Se puede afirmar, por ejemplo, que los niños que provienen de familias excesivamente autoritarias y punitivas, en las que las normas son rígidas y no se explicitan de modo directo, suelen ser niños que desarrollan una escasa autonomía y un débil sentido de la responsabilidad. Paradójicamente, resultados parecidos se encuentran con niños cuyas familias ejercen poco o ningún control sobre la conducta de sus hijos, no explicitan ninguna forma de convivencia y, más bien, tienden a sobreprotegerlos. Estos niños suelen desarrollar poca confianza en sí mismos, un escaso autocontrol y poca autonomía y responsabilidad social (Delval y Enesco, 1994). Los casos más complejos, sin embargo, son los de aquellos niños que se enfrentan un padre muy autoritario y una madre muy permisiva (o viceversa), a una escuela muy autoritaria y unos padres muy permisivos (o viceversa) o bien a una escuela o unos padres a veces muy autoritarios y a veces muy permisivos. Cuando las reglas del juego, las normas y su valoración no son claras y coherentes, las crisis individuales denominadas ‘de la adolescencia’ y las crisis sociales se expresan con gran violencia y esto es algo muy frecuente, por cuanto ninguna familia utiliza un único medio para garantizar la obediencia de sus hijos, ni ninguna puede ser totalmente coherente en su aplicación de las normas.

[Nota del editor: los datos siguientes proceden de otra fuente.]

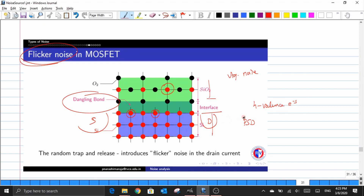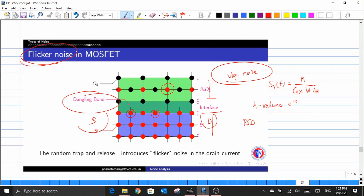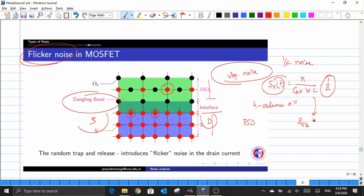Since flicker noise is modeled as a voltage noise component, its power spectral density is given as SV(f) equals the process parameter K — also called the flicker noise coefficient — divided by the oxide capacitance per unit area, multiplied by the channel area, times 1/f. Because of this 1/f term, this noise is also called 1/f noise, and we re-label the power spectral density as SV(1/f) to distinguish it from thermal noise.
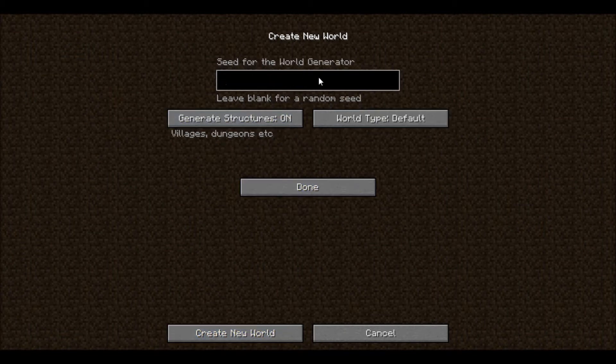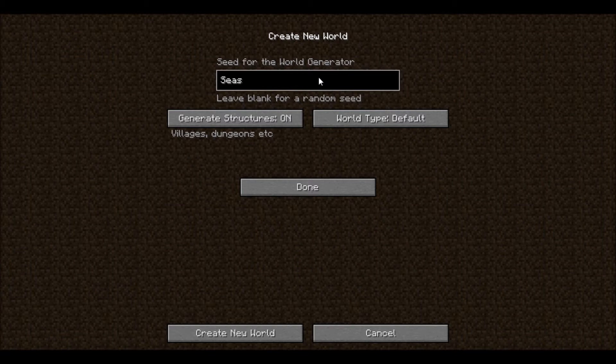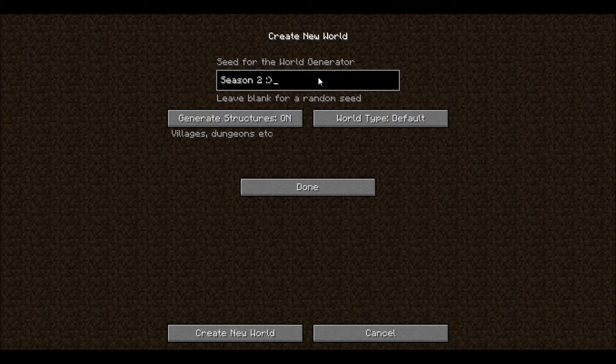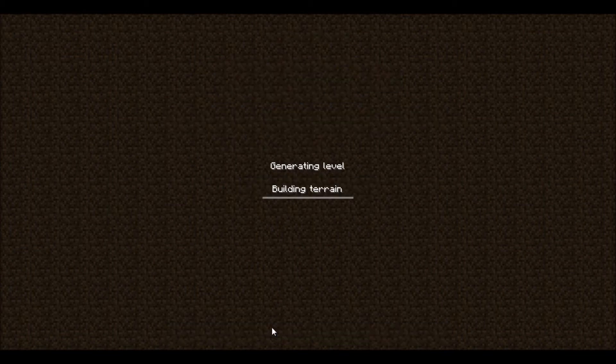The world seed is season two. Okay, so let's generate this world.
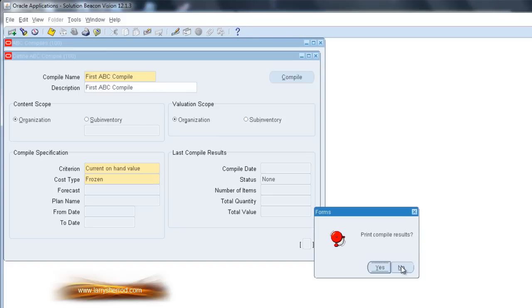In this case, I'm not going to print the Compile results. However, you could print the Compile results, perhaps to a no-print printer, so that you can see the results without having to print them. If you have a large number of items in your database, you probably don't want to print this report.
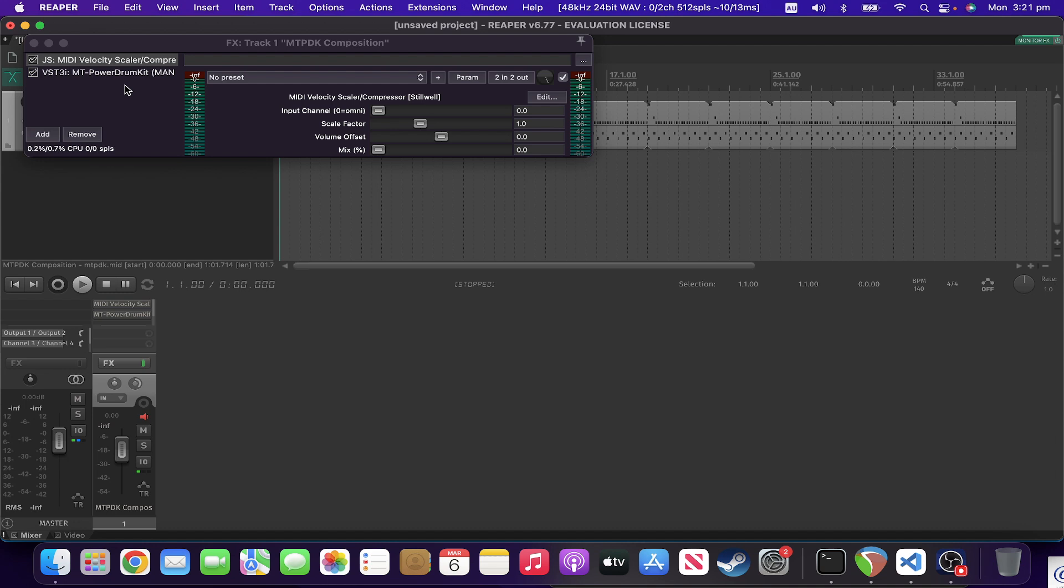So this one's got four controls. You've got the input channel that it will apply to, so if you have it on zero it'll apply to every channel, otherwise it'll be a specific channel.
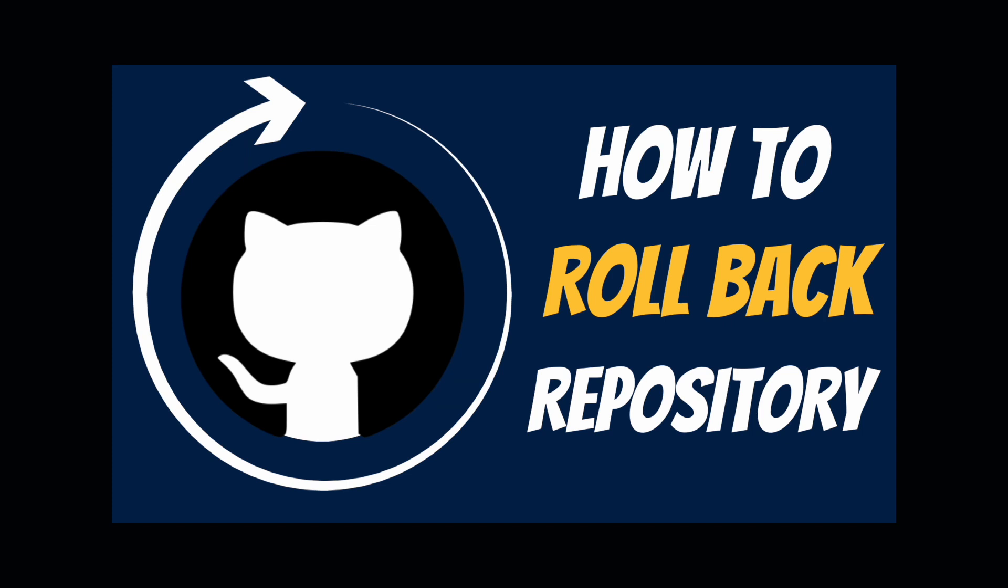Hi everyone and welcome back to a new episode of BWD. Today we're gonna learn how to roll back a repository on GitHub, so what do I mean by that? Well, let's see it!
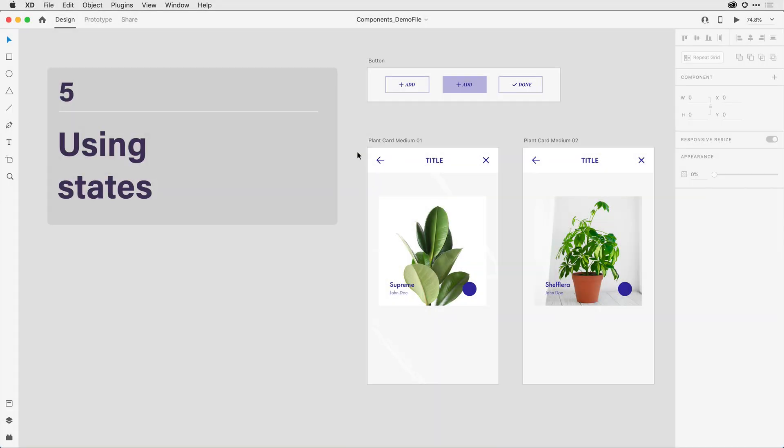We've just looked at using nested components to vary the look of repeated elements. In this final step, we're going to switch to something quite different, and that's to look at how you can create states within a component.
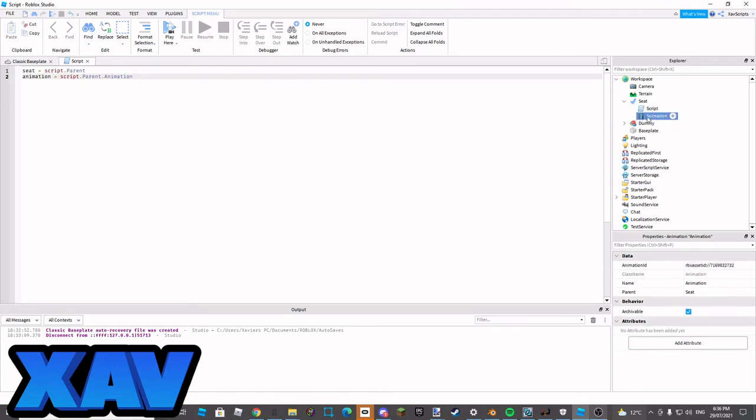If you've changed the name of the animation that you put inside the seat previously, make this animation, so if you name this to something else, that would go here.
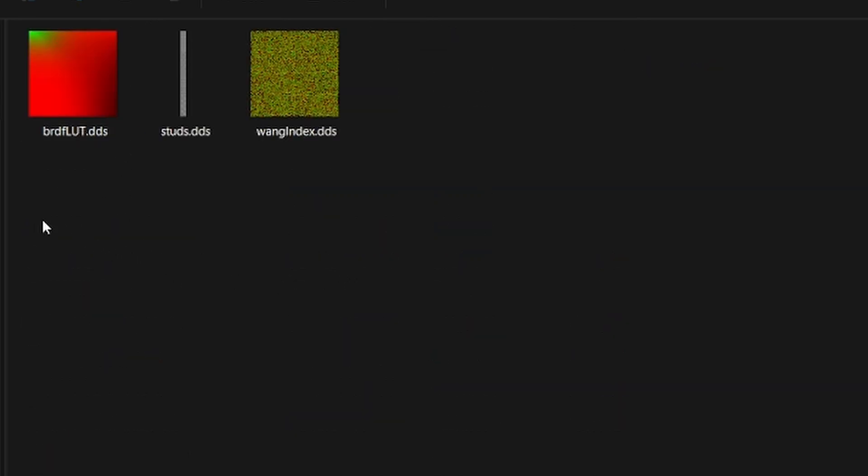Delete all of the files in here except for the .dds files. They'll be at the end of all the textures, so just delete all the textures, not these.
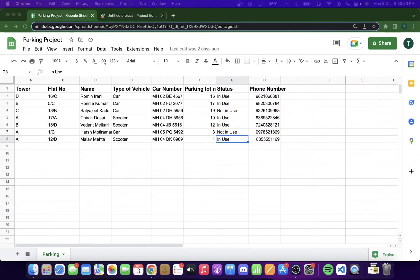After understanding the problem, I designed a solution that would help the residents of the building. The solution contains the following tools: first is a Google Sheet, some Google Apps Script, and some HTML to power the web app. The Google Sheet will contain all the details of the residents such as the name, address, details of their vehicles, and the assigned parking spot.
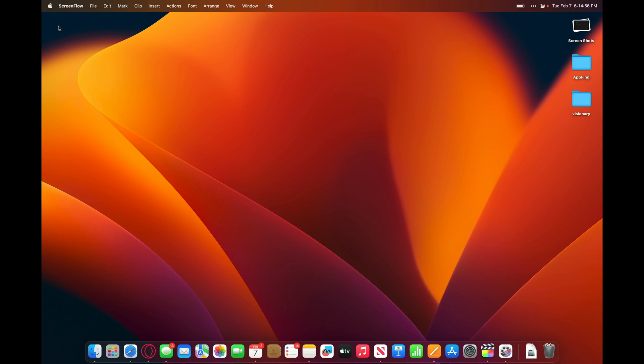In today's video, we're going to be checking out some tips and tricks for macOS 13.2. This is an exciting video where you'll get to learn the basics of macOS, and let's get started.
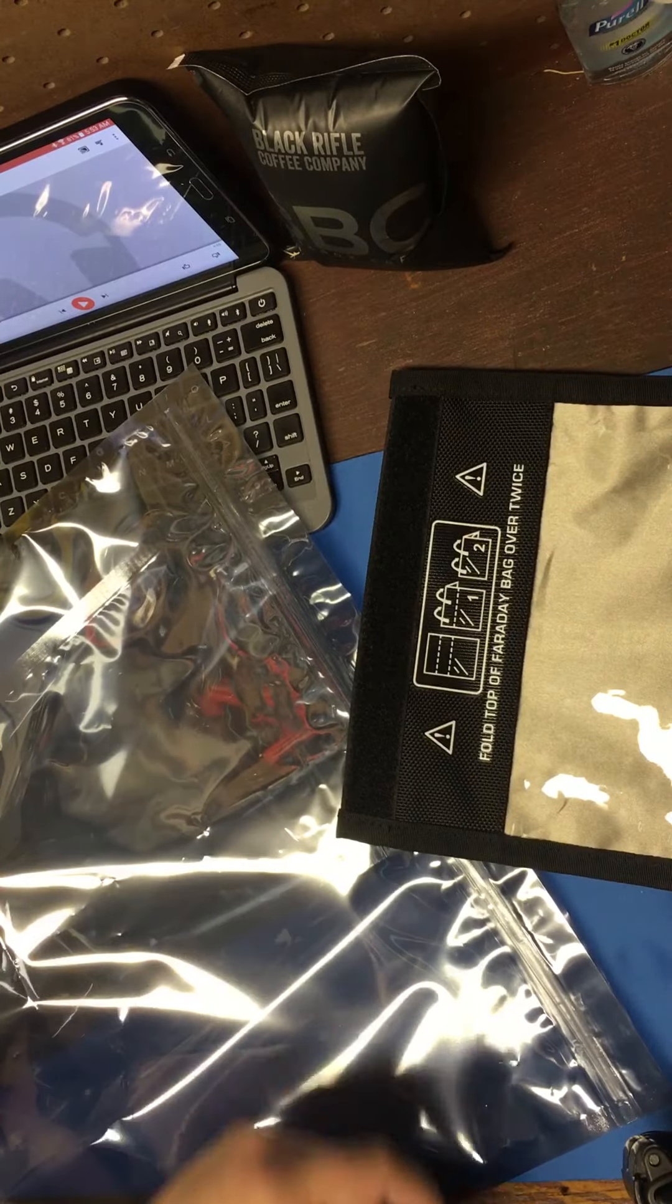So make sure you check out that video and see how the Faraday bag did. And if you have any other comments, questions, want me to test anything else out that came in this box, just let me know. Alright.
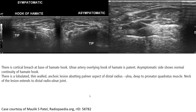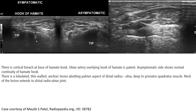In ultrasound, sometimes we can use it to assess for the Hook of hamate fracture, in cases where we don't have CT or MRI to compare. We have to compare hand to hand — the symptomatic hand versus the asymptomatic hand. We can see a hyperechoic line across the Hook of the hamate, which represents the fracture line.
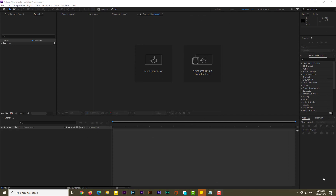Hello guys, welcome again to another After Effects tutorial. Today I come up with a new After Effects tutorial — a glass effect slideshow. If you haven't subscribed to my channel yet, please do subscribe, and let's get started.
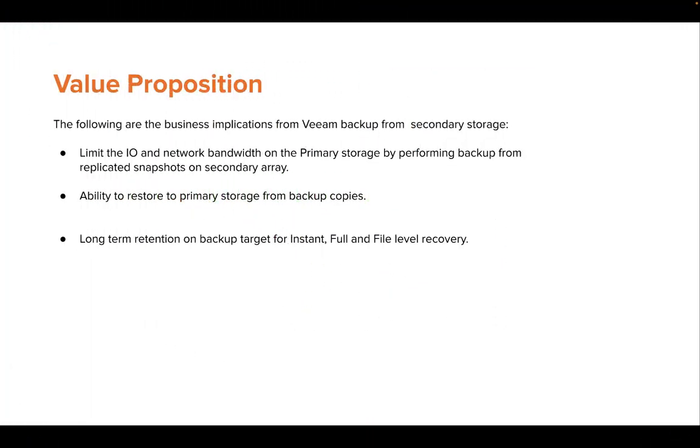To conclude this video, you can leverage this feature for both synchronous and asynchronous replication. It can be a very effective backup solution without impacting the network bandwidth on the primary site. You have the ability to perform full, instant, or file-level recovery from backup data.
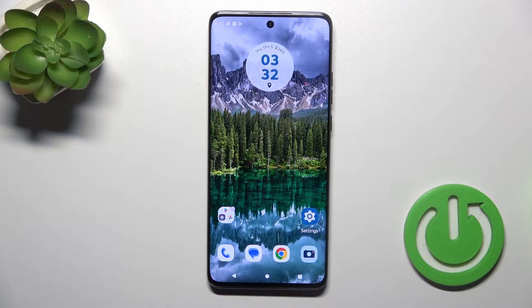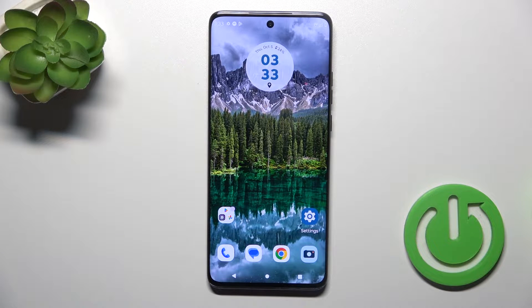Hi, this is the Motorola H14EON and I will show you how to add and remove home screen widgets on this device.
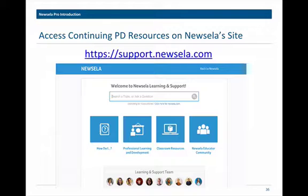NuZella offers a great learning and support site. If you go to support.nzella.com, you can get resources for your classroom, connect with the NuZella educator community, and learn about how teachers across the country are using NuZella. You can also access professional learning and development videos, resources, and webinars to improve how you use NuZella in your classroom.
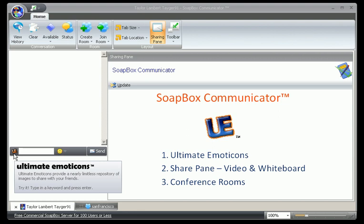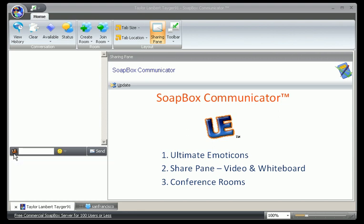Hello, this is Jeff at Coverson Studios with a demo of three of the cool new features in the new Soapbox Communicator. First, I want to show you the ultimate emoticons. With this new feature you can instantly insert into your chat a photo or image of whatever is on your mind at the time.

El estilo en que los padres, la escuela, los medios de comunicación masivos y la sociedad expresan y sancionan las normas sociales es una forma de comunicarle a los niños las conductas deseables e indeseables, es decir, de transmitirles sus valores. Pero además del estilo, interviene en esta tarea el método, es decir, la manera más o menos sistemática como se asume esa transmisión, que en las familias a nadie se le ocurre reglamentar, señalar por escrito y distribuir o pegar en las paredes de la casa y que en los colegios se convierte en reglamento estudiantil, manual de convivencia o como quiera denominársele, en una suerte de combinación de reglas morales y jurídicas.[1]

ESTUDIOS SOBRE EL DESARROLLO DE LA MORAL: algunos autores han estudiado las maneras como se ha desarrollado la moral en las personas. Para Freud, el proceso de hacer propias las reglas morales depende más de la esencia de los sentimientos de culpa que se generan en la persona cuando viola una norma y menos de la reflexión que se va generando con el paso de los años sobre ellas. Subyace una especie de miedo a las represalias, que dependen a su vez de la magnitud y el alcance de las expectativas que sobre el comportamiento de las personas -y especialmente de los niños- se hacen los adultos que detentan una autoridad especial.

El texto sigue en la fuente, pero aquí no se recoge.